Cuando llego a la silla del auditorio me percato de que faltan todavía cerca de diez minutos para que inicie la charla. Unas piernas largas están sentadas junto a mí y cuando volteo para ver quién es reparo en que es él, en que sin duda es él y no lo puedo creer. Andrés Felipe Solano está sentado al lado mío. Tiene una camisa clara, un jean y unas gafas redondas y grandes. Superados los nervios previos al encuentro con Vásquez, lo saludo y él responde con amabilidad. No sé cómo, pero pasados uno o dos minutos me vi hablando con él como si estuviera hablando con un amigo corriente. Le pregunté sobre la elaboración de aquella memorable crónica de inmersión que es Seis meses con el salario mínimo, sobre sus novelas, sobre el paso del periodismo a la novela, sobre Piedad Bonnett, quien fuera su profesora en los años en que estudiaba literatura, sobre su vida en Corea del Sur, me cuenta una anécdota. Hablamos. Y él, recién llegado del aeropuerto desde Corea del Sur, responde con serenidad y sentido del humor.

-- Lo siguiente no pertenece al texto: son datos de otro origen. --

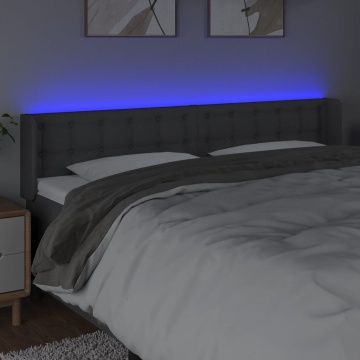 Tăblie de pat cu LED, gri închis, 203x16x78/88 cm, textil - Img 4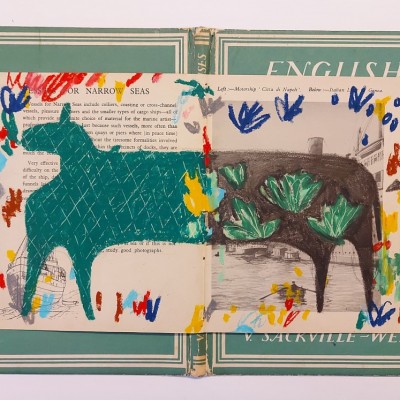 Green pit pony onto vintage book pages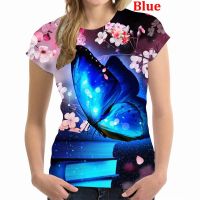 2023 newButterfly 3D Printing T Shirt Women Funny Short Sleeved Tees Women Tops Pullover Tee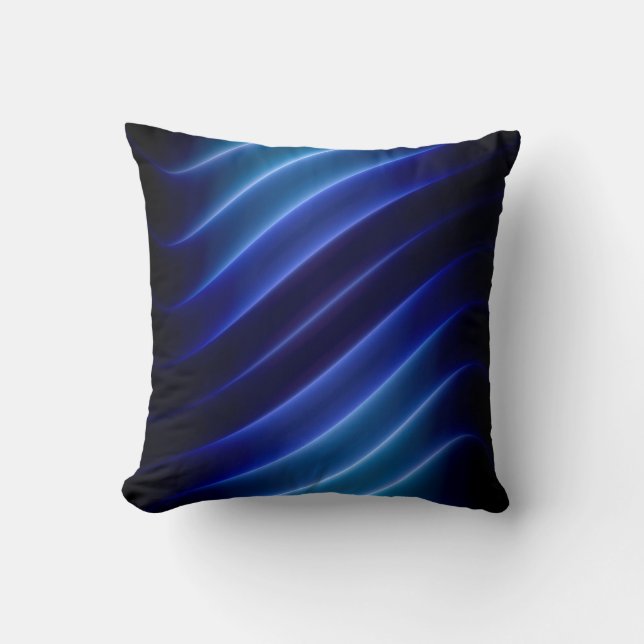 electric blue neon stripes modern throw pillow (Front)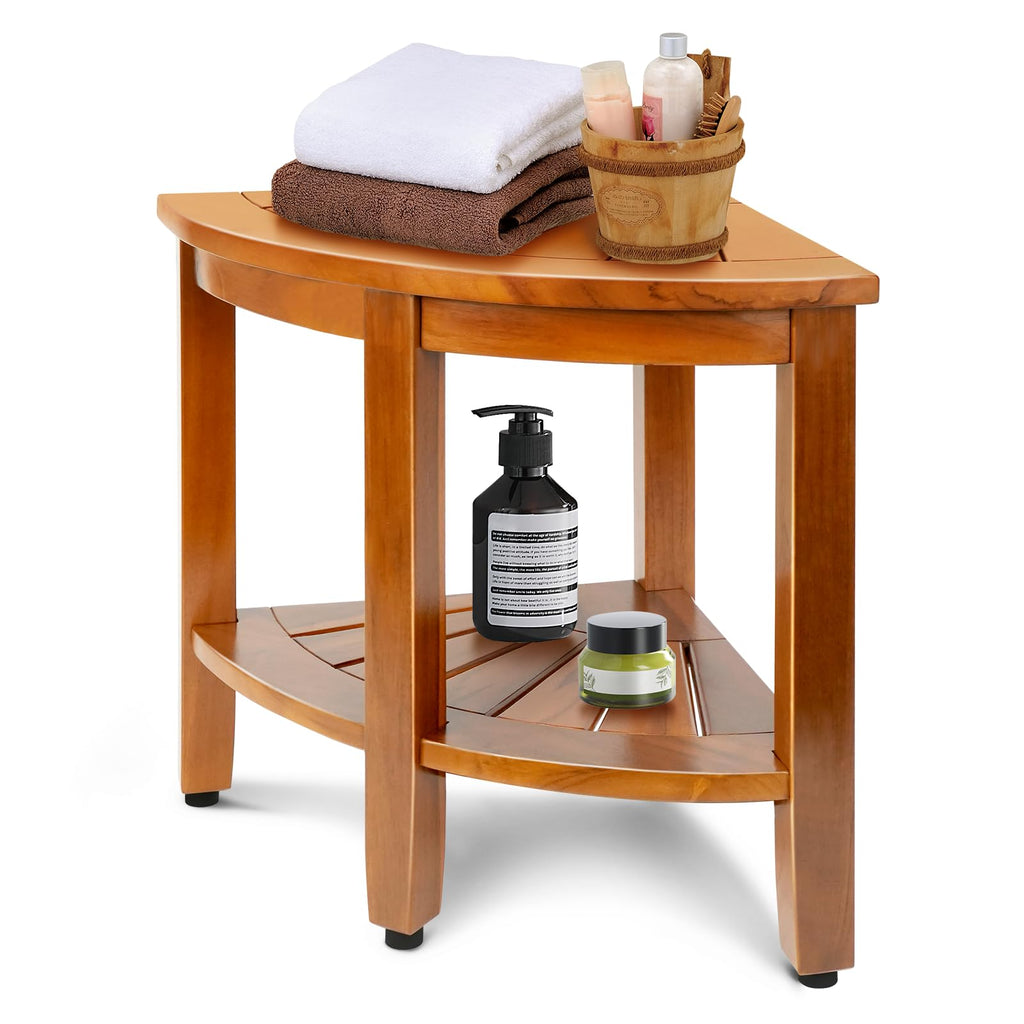 18" Teak Corner Shower Bench with Shelf O669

Al día siguiente dictará un taller de crónica al que habré de asistir pero me dice que no tiene ni la más remota idea de lo que va a decir. "Yo nunca he dado una clase", me dice con una sonrisa. Elegido por Granta como uno de los mejores novelistas jóvenes en español, Solano ha desarrollado una carrera periodística de más de quince años en donde ha escrito sobre el sastre de Jorge Barón o la perra de antinarcóticos que es custodiada por escoltas debido a las recurrentes amenazas que tiene encima. Al día siguiente, en el taller, lee un texto sobre su trabajo periodístico y las claves y secretos que esconde la elaboración de una crónica. Al final, cuando sale del salón, el novelista cronista profesor falso, se despide de mi. "Un gusto conocerlo, hombre", me dice. Y sigue caminando.